He compares globalism now with nationalism in the very early 20th century. Looking beyond his expected readers’ North Atlantic bias, he tells that a majority of people around the world feel themselves more a citizen of the world than of their nation state. Having a common identity as world citizens is a basis for a “nation.”

Recent globalization has lifted billions out of poverty and created a global middle class, but poor and low-skilled people in rich countries have gone backwards. Communities feel their identity under threat from a global political elite as immigrants arrive. The present UN system can seem unjust. Flaws led populist governments to increase national control and to try to return to some imagined national golden age.

To address flaws stopping development of a global nation Damluji offers 6 principles. Two deal with how globalists should talk about themselves and what the global project aims to do. Two aim to protect the nation state and democratic control of immigration threatened by globalization thus far. The last two principles are new global roles to address consequences of globalization that individual nation states cannot address: enabling fair taxation of multi-national corporations; beginning an international tax on individual wealth; developing sanctions to facilitate compliance with commitments; and making the global system more just around when to intervene in a conflict. Then there is a “conclusion” chapter. I summarize these chapters.

Globalists and Nationalists: It is a mistake to suppose that globalists and nationalists are in a competition. Globalism is another layer of identity that goes hand in hand with others. The “nation,” is hard to define and at times can fail to acknowledge some ethnic or social community. But it can also be quite inclusive – like Scottish nationalists who welcome “new Scots.” Nationalism is powerful because it relies only on the fact that people believe they belong rather than requiring anything else. People fight and die for a nation. Globalists feel they belong to the world and its citizens. But they tend to care about their nation state as well.

Today, the same forces that facilitated nation states are helping everyone to belong to the world. Universal education has now gone global. Teaching methods have gone global. There are languages used internationally like English, and technology is moving towards instant translation devices. Mass media played a role in nationalism. Today most people have access to international information. Contrary to conventional wisdom, social media has not merely reinforced closed thinking communities; it has taken the lid off information. Russia showed that a national election in the US can be internationalized. Then there is travel. There are international communities of academics, business people, students and non-governmental organizations, to say nothing of a global bureaucracy. Things that helped start nation states like Italy over a century ago are now going on internationally.

Is international sentiment possible in the world of Trump’s America? International social surveys showed yes! Over the whole world half the respondents felt stronger ties to the world than to their own country. One showed that in rich countries 42% said yes, but in the developing world it was closer to 60% and in China, India and Philippines the global ties fell into a 60-70% range. Moreover 2/3 of respondents supported greater enforcement powers for international bodies. Despite the limited perspective in Europe and North America, conditions are right for a global kind of nationalism. What is missing is articulating an inclusive identity, ensuring protection for existing institutions and identities that people would not wish to lose and offering some positive value from the global nation.

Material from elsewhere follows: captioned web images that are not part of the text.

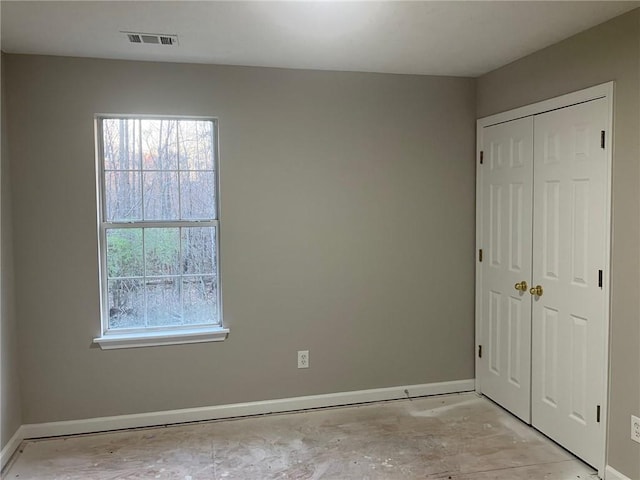 unfurnished bedroom featuring a closet, multiple windows, and baseboards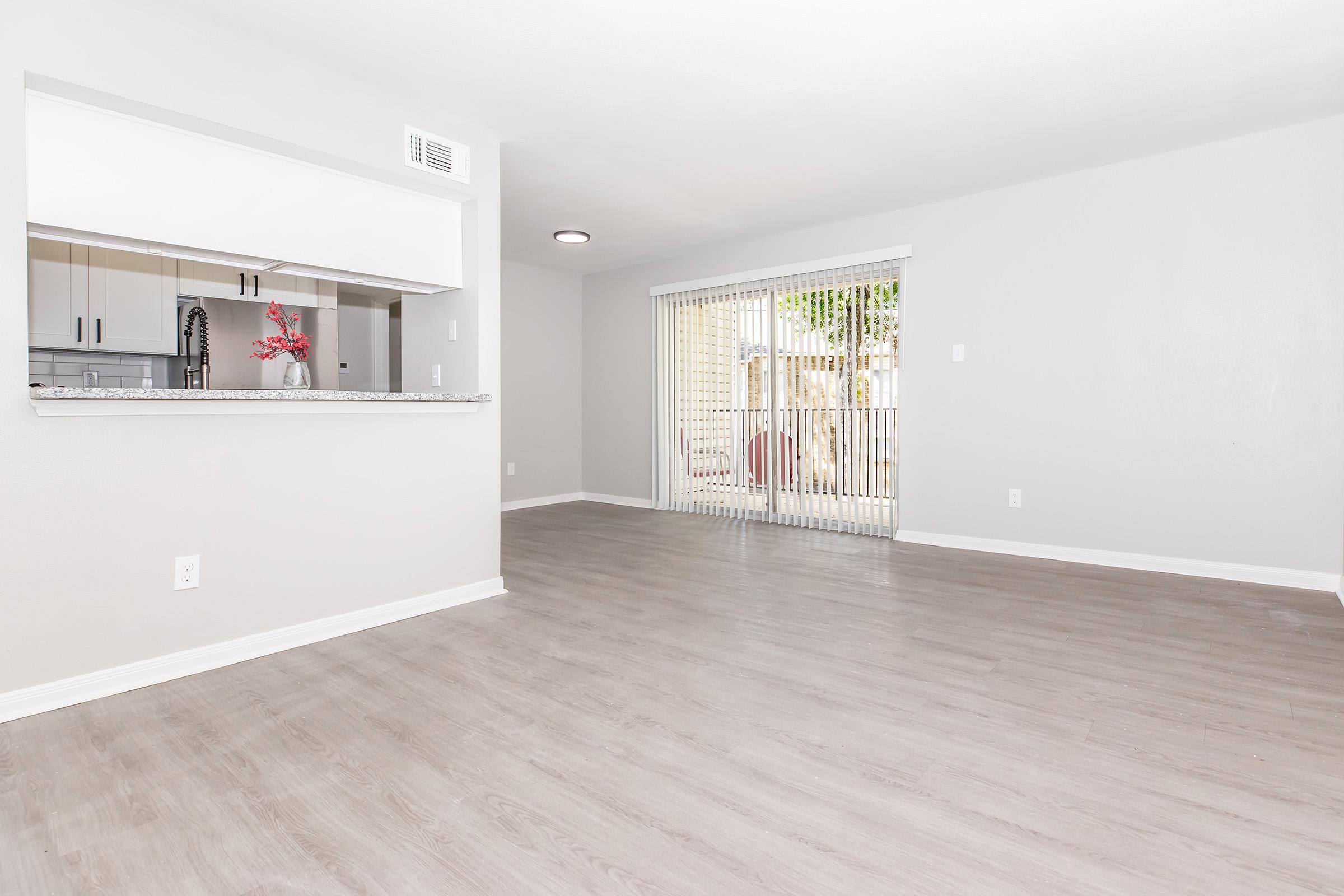 Spacious interior of a modern living area featuring light-colored walls, vinyl flooring, and an open layout. A sliding glass door leads to an outdoor space, and a kitchen is visible in the background with a breakfast bar. Bright and inviting atmosphere with natural light filtering in.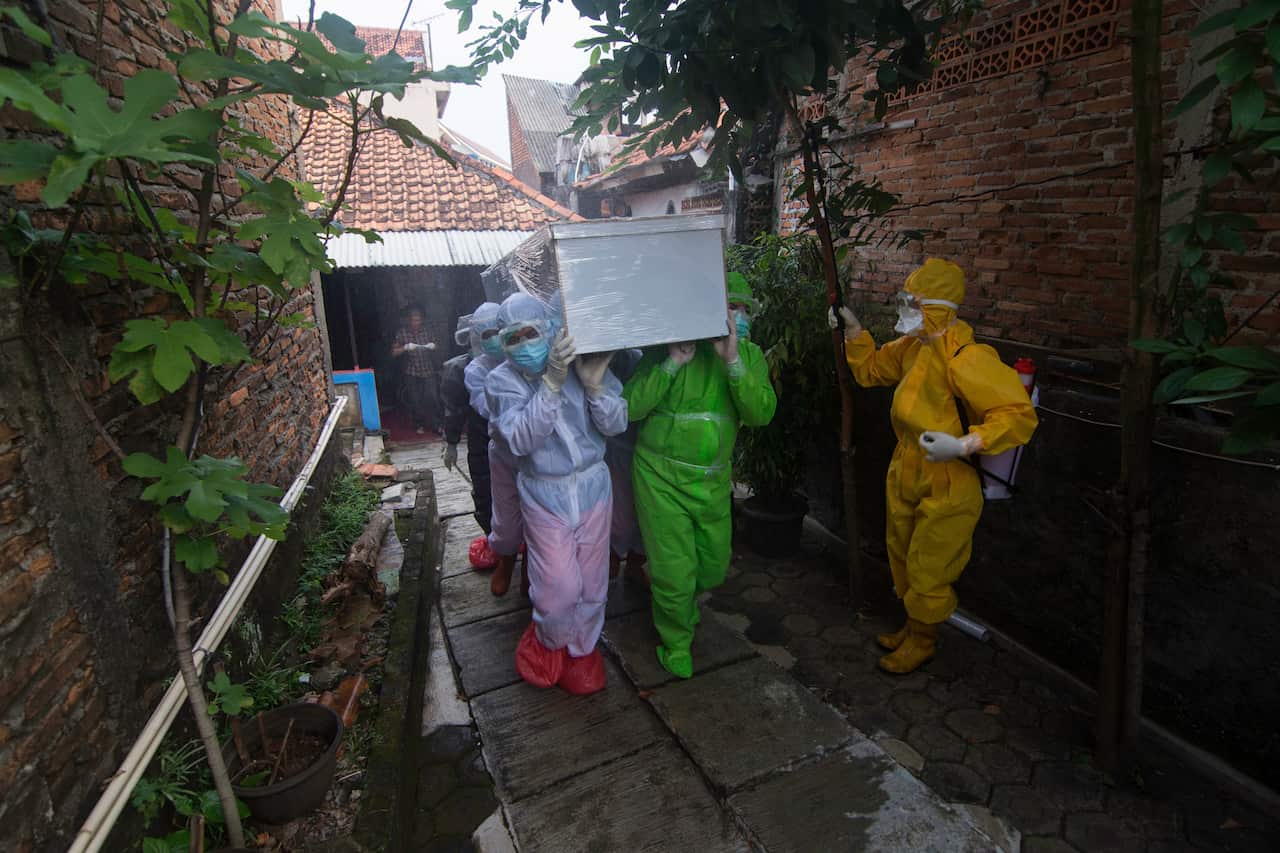 Health workers carry a coffin of a COVID-19 victim in Jakarta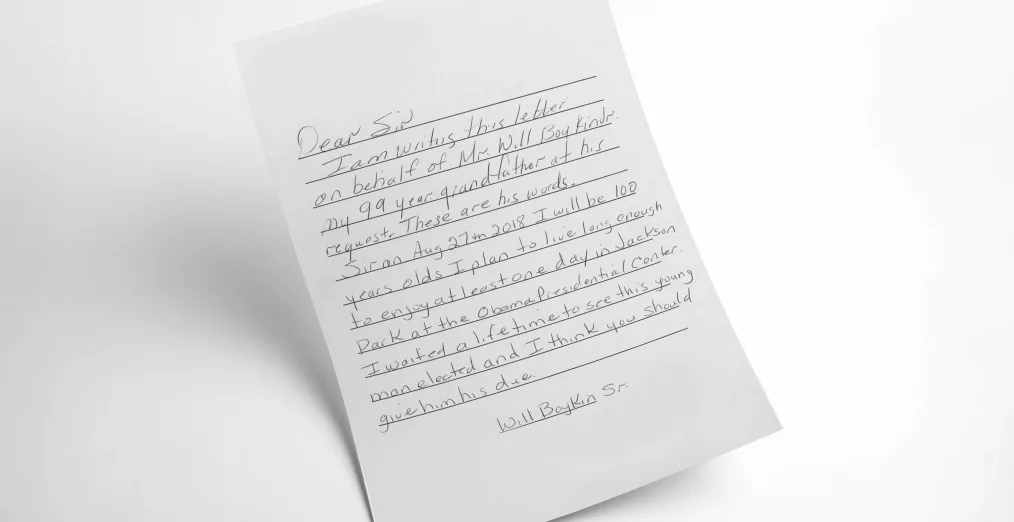A handwritten letter with black ink on white, lined paper. The letter explains that the sender's 99 year-old grandfather hopes to visit the Obama Presidential Center after a lifetime of waiting to see "this young man" elected.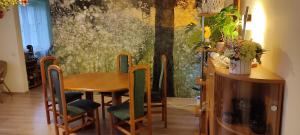 a dining room with a table and chairs at Apartament Multik in Tarnów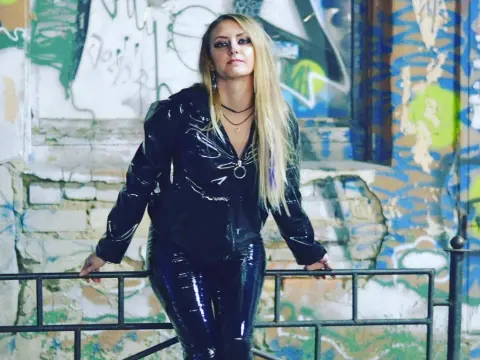 NikkiMistress — Edgy blonde woman in black patent leather outfit posing against a colorful graffiti wall in an urban setting.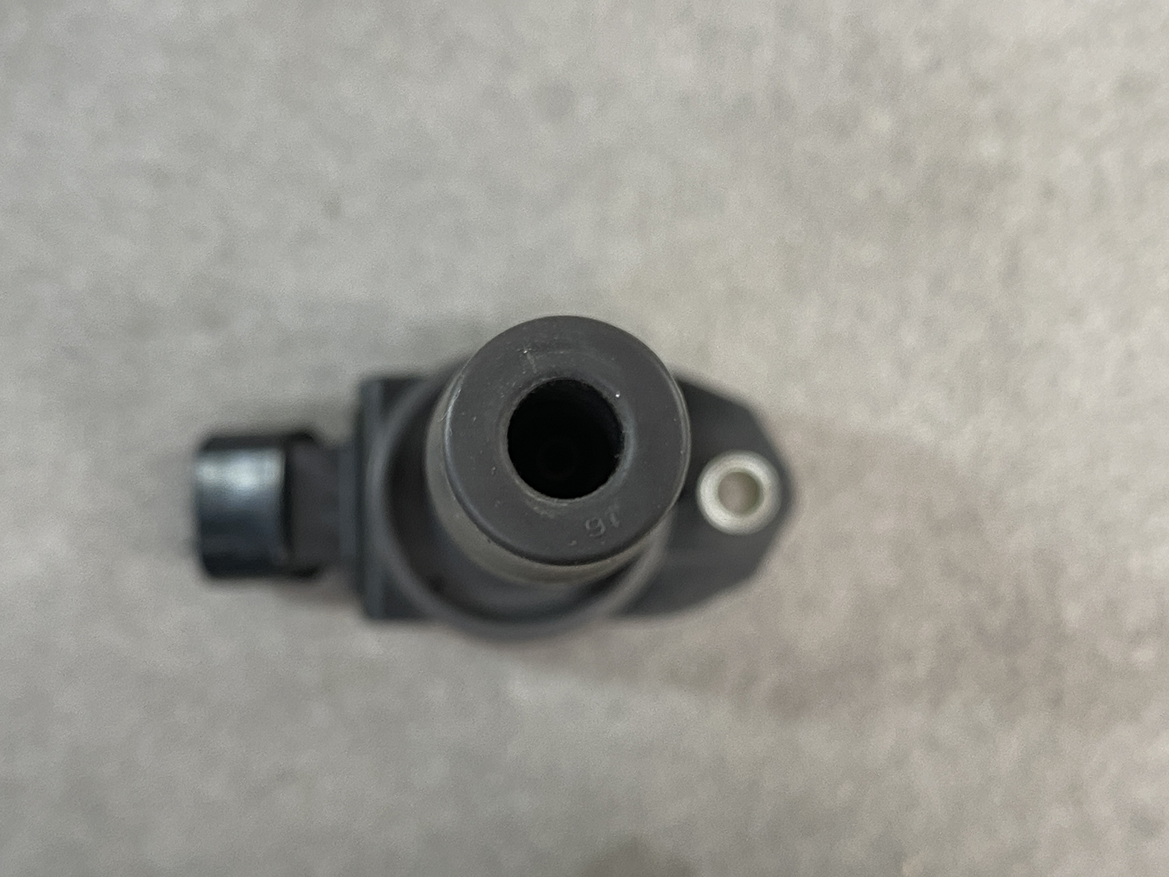 TOY-COIL-02281_5 TOYOTA / DAIHATSU Genuine IGNITION COIL 90919-02281 / NR, KR Engine » NZ.95 » JDM-PARTS NZ » JDM-PARTS NZ Close-up, top-down view of a black plastic connector or nozzle with a central hollow opening on a gray background TOYOTA / DAIHATSU Genuine IGNITION COIL 90919-02281 / NR, KR Engine » JDM-PARTS NZ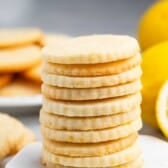 A stack of round lemon cookies on a marble surface, with a blurred background showing more cookies and a whole lemon. The cookies are light golden with visible lemon zest.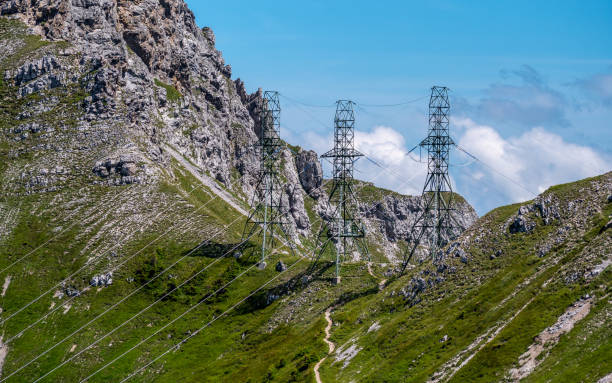 three high voltage post power poles high up in the mountains high voltage tower switzerland alps sunny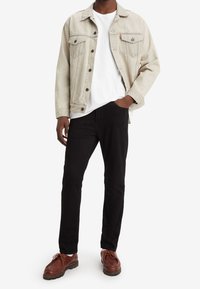Chaqueta de mezclilla gris claro con dos bolsillos frontales, camiseta blanca, jeans negros y zapatos marrones con cordones. Conjunto informal con colores neutros.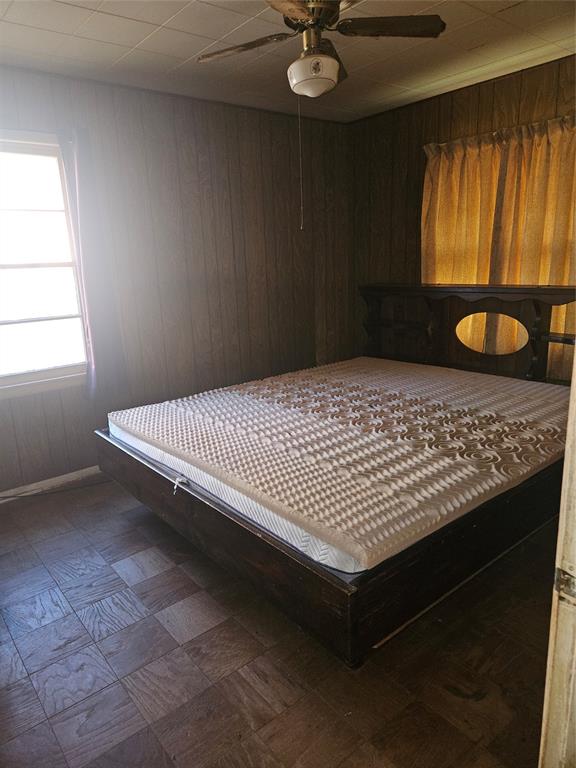 2506 Hillsboro Avenue Dallas, TX 75228 - Photo 9 of 18 a bed sitting in a room next to a window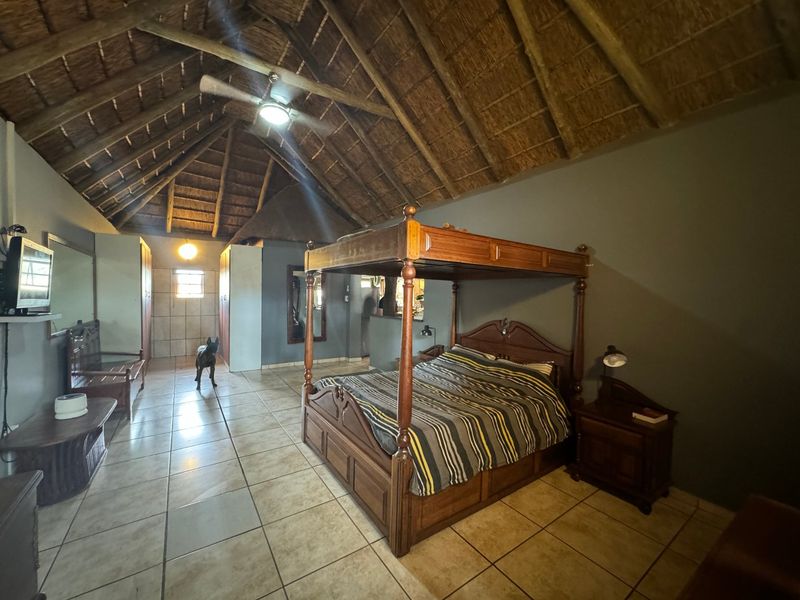 Spacious bedroom featuring a high vaulted thatched roof with exposed timber rafters, ceramic tiled flooring, and built-in storage cabinetry.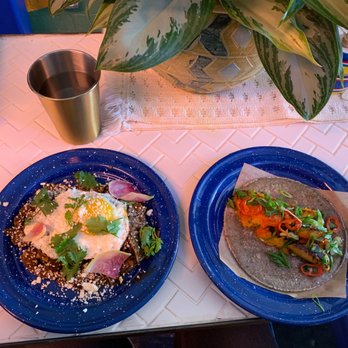 Nixta Taqueria - Daily Special on the left: Mole chilaquiles. Staple on the right: Butternut squash taco - Mexican Near Me - Austin, Texas Nixta Taqueria - Daily Special on the left: Mole chilaquiles. Staple on the right: Butternut squash taco - Mexican Near Me - Austin, Texas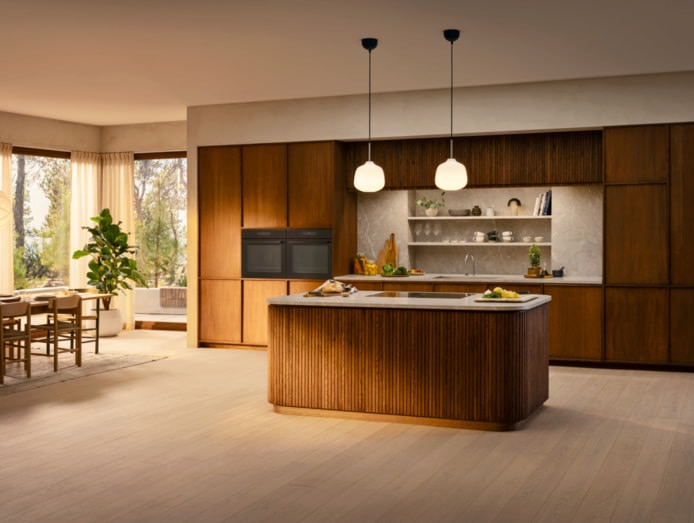  Warm kitchen with wood cabinets and built-in ovens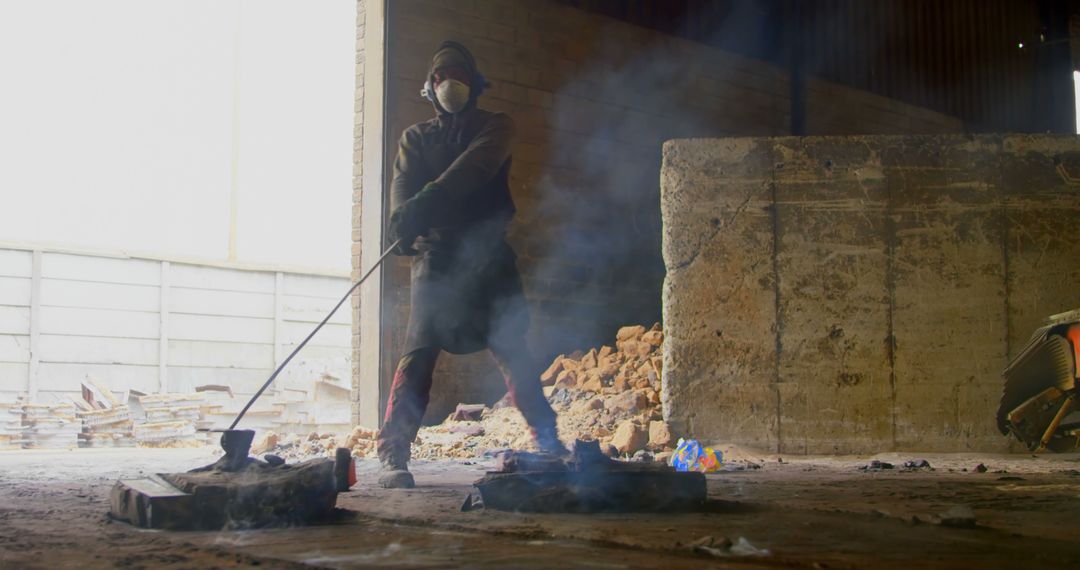 Worker in Protective Gear Tending Smelting Furnace in Industrial Factory - Free Images, Stock Photos and Pictures on Pikwizard.com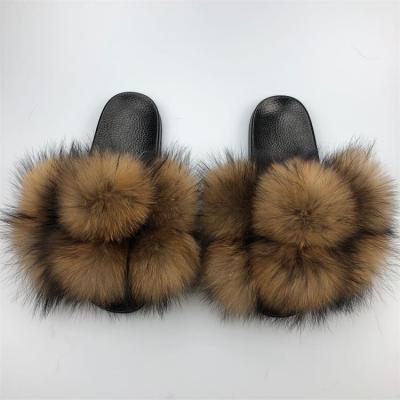 China High Quality Logo Fashion Trend Fur Slippers Black And White Fur Slides Real Fur Slides for sale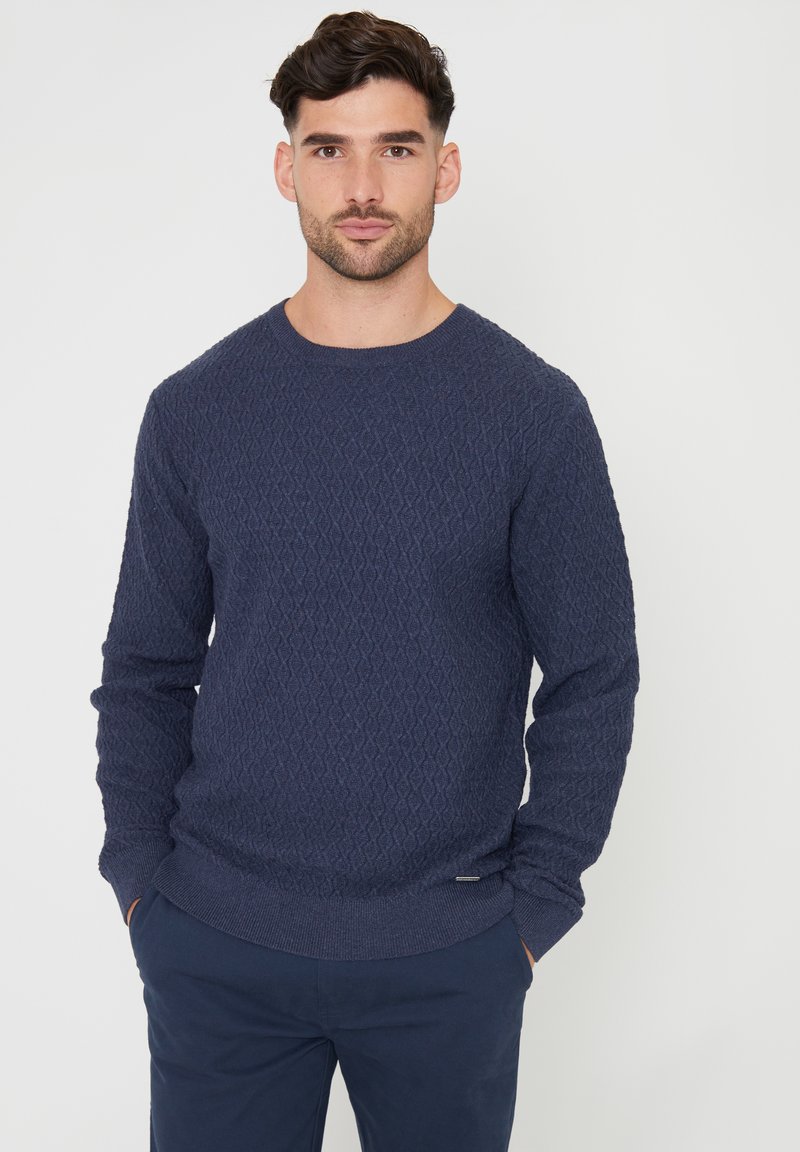 Granatowy sweter o fakturze z wzorem w diamenty, okrągłym dekoltem i ściągaczami przy mankietach. Materiał wydaje się miękki, a fason jest dopasowany.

The current globalist identity is tied to some vague notion of “the West” and white, rich, democratic and capitalist. The image of who belongs has to include those who wish to assert independence from the Western model. People need to feel they can be part of the global nation and retain and strengthen their other identities. Indeed globalists need to protect existing nation state communities.

Being born into a rich country brought benefits. Globalism has been a threat to that. The billions lifted out of poverty were carried on the backs of unskilled workers in rich countries. They resent it. It didn’t have to be that way. There were not global efforts to build fairer taxation, including taxation of hidden wealth. Instead the world watched the rich get richer from globalization and hide their riches away from tax. And they just watched the end of the middle class dream.

Political injustice has angered others. “Major decisions ... such as those to invade Afghanistan and Iraq, but not to intervene in genocides in Myanmar and the Central African Republic have revealed . . . that the world system is a playground for bullies where the strongest get their way and the weak have little protection.” Worse, this system can be ignored by powers using their military might as and when they choose. The process and the people at the UN Security Council lack a sense of representation and democracy. These failings hold back a more compelling globalist identity. The six principles suggest ways out of the present situation. For me, they are more like good items for a wish list than calls to action.

Principle 1 Leave no one out: a global nation must not create any sense of us and them among members such as occurred in nation states. It would need to avoid the impression of the “West” as the real globalists and the rest as at some lower level. Over human history developments spread if they were advances worth adopting. The world is not now Iraqi because people use writing or Chinese because people enjoy fireworks. The world involves cultural exchanges with equal respect and understanding.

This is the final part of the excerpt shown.